TASK TO CARRY OUT:
The records that follow are to be given again exactly, with their pictures omitted.

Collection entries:
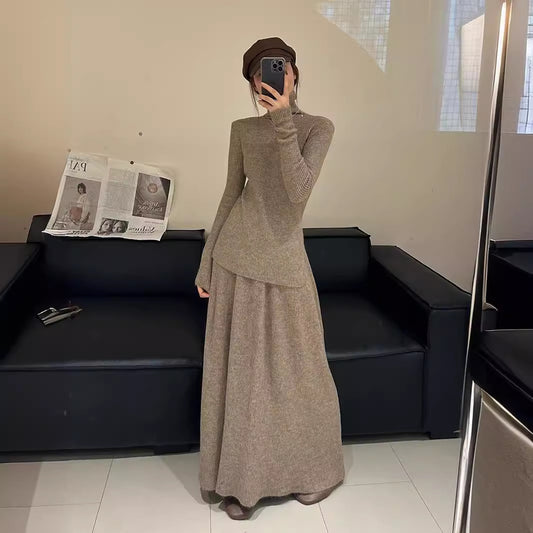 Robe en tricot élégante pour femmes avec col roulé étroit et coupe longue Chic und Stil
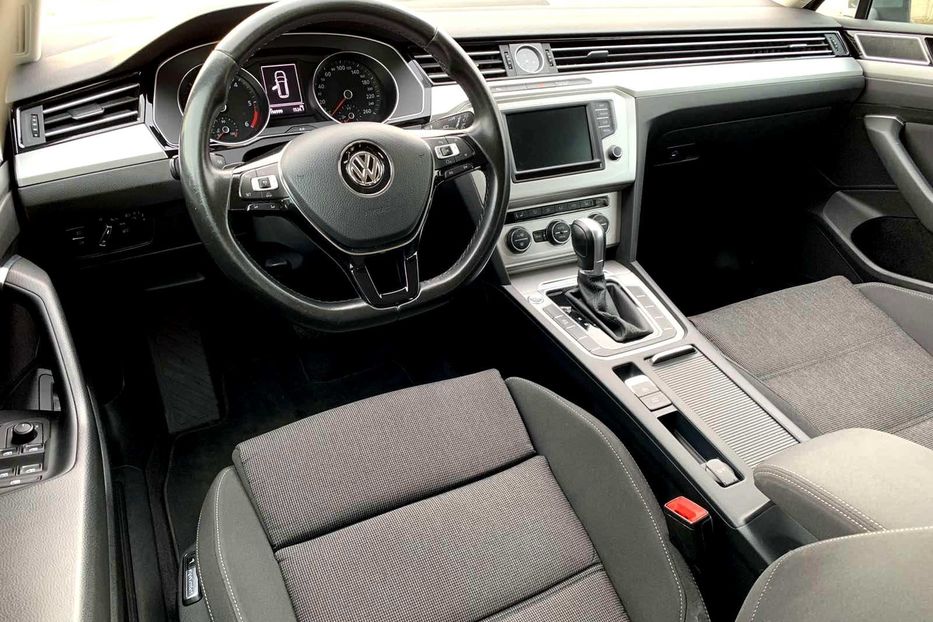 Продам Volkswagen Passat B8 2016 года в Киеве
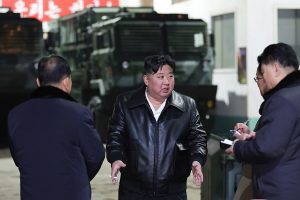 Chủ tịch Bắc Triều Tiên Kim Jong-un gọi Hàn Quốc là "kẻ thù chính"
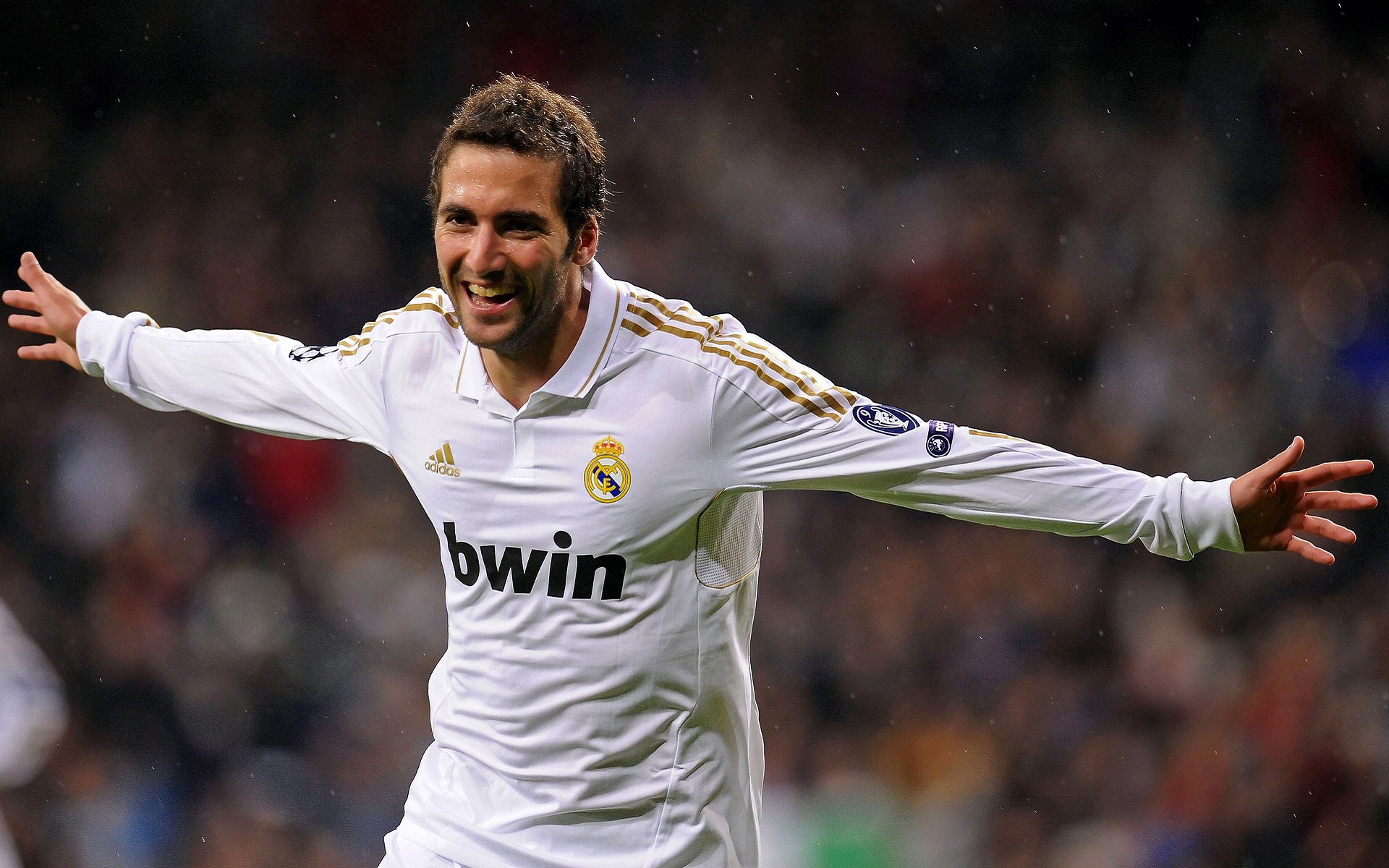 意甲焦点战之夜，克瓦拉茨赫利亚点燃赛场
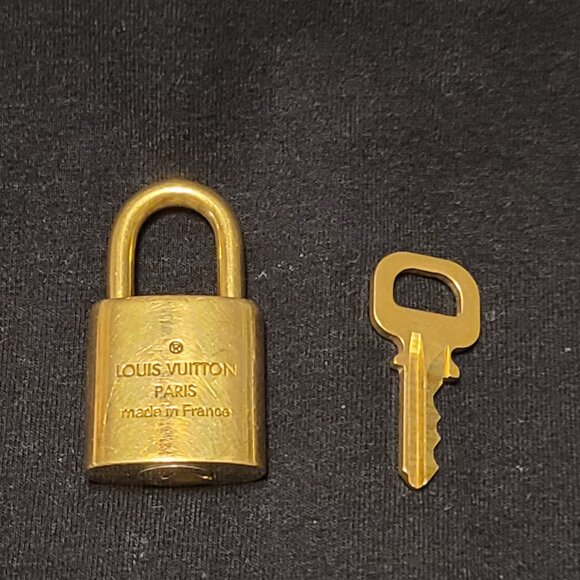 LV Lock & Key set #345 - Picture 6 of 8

ANSWER TO THIS TASK:
 Robe en tricot élégante pour femmes avec col roulé étroit et coupe longue Chic und Stil
 Продам Volkswagen Passat B8 2016 года в Киеве
 Chủ tịch Bắc Triều Tiên Kim Jong-un gọi Hàn Quốc là "kẻ thù chính"
 意甲焦点战之夜，克瓦拉茨赫利亚点燃赛场
 LV Lock & Key set #345 - Picture 6 of 8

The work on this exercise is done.